[[ ENTRIES SUPPLIED, beginning ]]

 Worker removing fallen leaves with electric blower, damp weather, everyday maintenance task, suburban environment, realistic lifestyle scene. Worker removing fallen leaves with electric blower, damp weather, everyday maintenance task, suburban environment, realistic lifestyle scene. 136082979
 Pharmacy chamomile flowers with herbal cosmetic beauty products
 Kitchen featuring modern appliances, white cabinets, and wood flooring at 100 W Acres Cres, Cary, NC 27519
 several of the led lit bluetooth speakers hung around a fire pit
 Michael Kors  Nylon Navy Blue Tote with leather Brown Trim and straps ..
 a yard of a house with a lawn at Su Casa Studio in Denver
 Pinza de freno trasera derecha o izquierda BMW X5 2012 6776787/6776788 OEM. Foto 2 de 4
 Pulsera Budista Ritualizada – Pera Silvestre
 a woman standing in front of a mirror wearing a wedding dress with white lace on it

[[ ENTRIES SUPPLIED, end ]]

### EXERCISE AIM:
All of the material must appear again, exactly as given.

### TASK ANSWER:
 Worker removing fallen leaves with electric blower, damp weather, everyday maintenance task, suburban environment, realistic lifestyle scene. Worker removing fallen leaves with electric blower, damp weather, everyday maintenance task, suburban environment, realistic lifestyle scene. 136082979
 Pharmacy chamomile flowers with herbal cosmetic beauty products
 Kitchen featuring modern appliances, white cabinets, and wood flooring at 100 W Acres Cres, Cary, NC 27519
 several of the led lit bluetooth speakers hung around a fire pit
 Michael Kors  Nylon Navy Blue Tote with leather Brown Trim and straps ..
 a yard of a house with a lawn at Su Casa Studio in Denver
 Pinza de freno trasera derecha o izquierda BMW X5 2012 6776787/6776788 OEM. Foto 2 de 4
 Pulsera Budista Ritualizada – Pera Silvestre
 a woman standing in front of a mirror wearing a wedding dress with white lace on it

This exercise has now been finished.